◆ YOUR ASSIGNMENT
Return the data below unaltered, but strip out the pictures.

◆ GIVEN DATA
^^^^
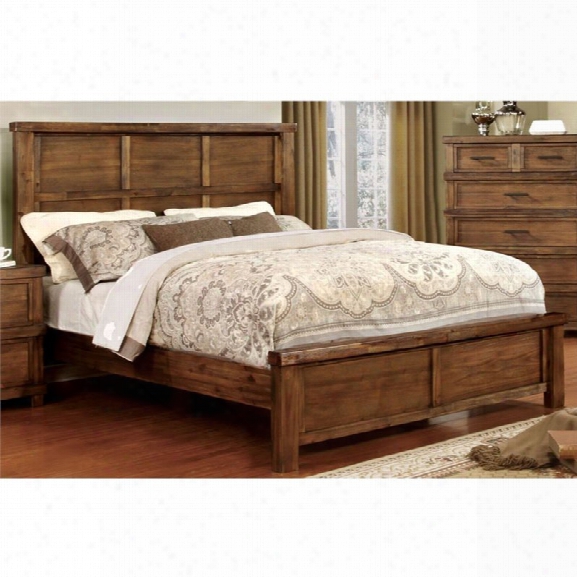 Furniture Of America Cynthia California King Panel Bed In Antique Oak
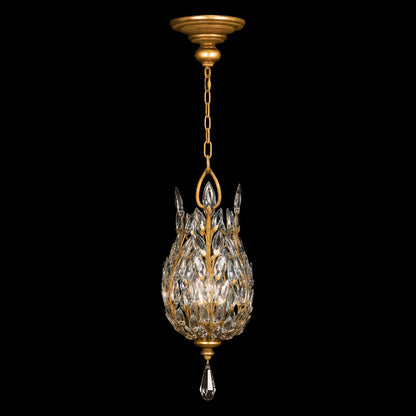 Crystal Laurel Gold Three-Light Foyer Pendant with Bold-Cut Stylized Crystal Leaves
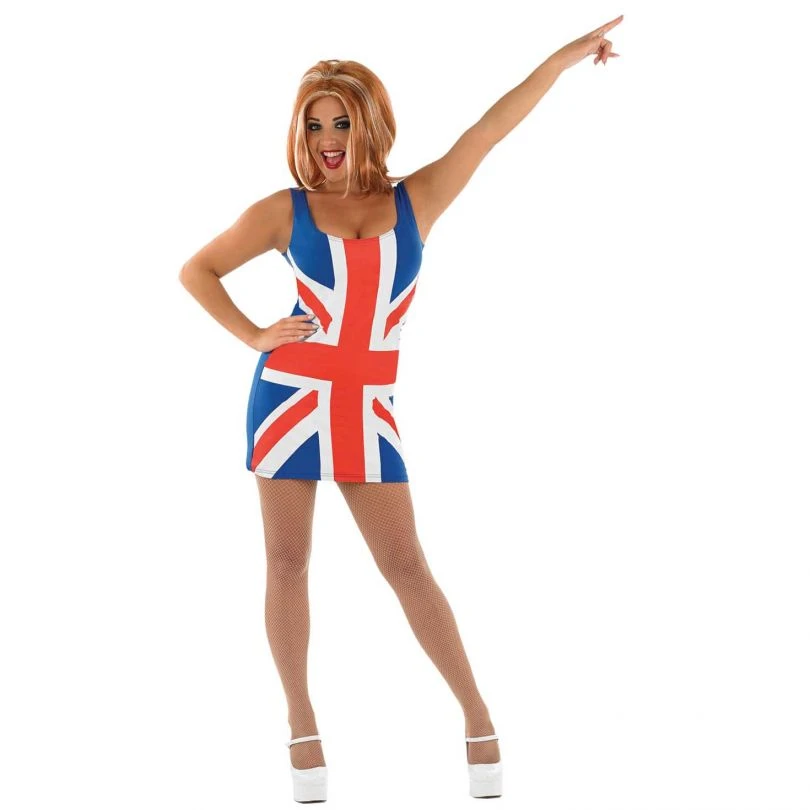 Womens 90s Pop Star Union Jack Dress 3 Womens 90s Pop Star Union Jack Dress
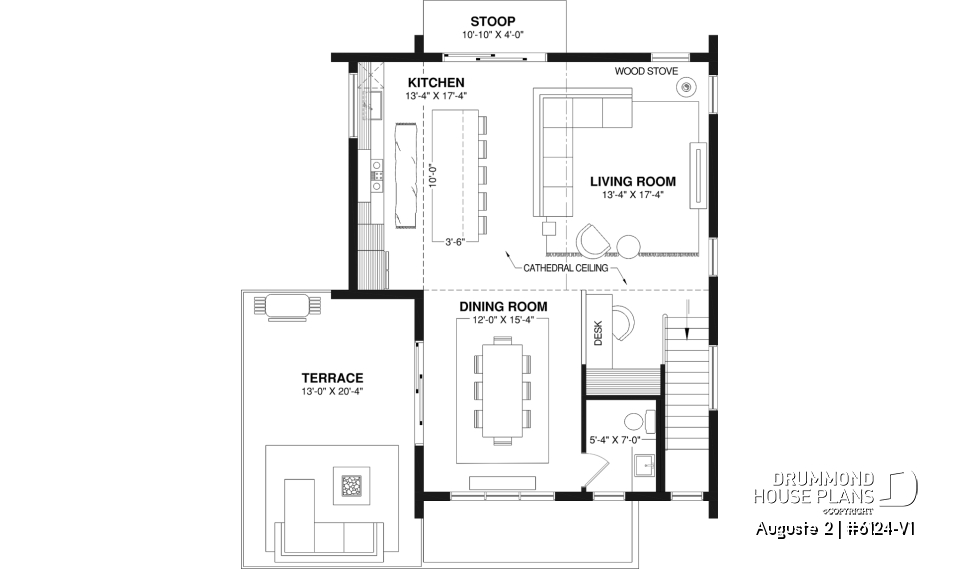 2nd level - Modern Scandinavian reverse floor plan home, 3 beds on lower floor, kitchen, dining and living on upper floor - Auguste 2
^^^^
◆ EXERCISE SOLUTION
 Furniture Of America Cynthia California King Panel Bed In Antique Oak
 Crystal Laurel Gold Three-Light Foyer Pendant with Bold-Cut Stylized Crystal Leaves
 Womens 90s Pop Star Union Jack Dress 3 Womens 90s Pop Star Union Jack Dress
 2nd level - Modern Scandinavian reverse floor plan home, 3 beds on lower floor, kitchen, dining and living on upper floor - Auguste 2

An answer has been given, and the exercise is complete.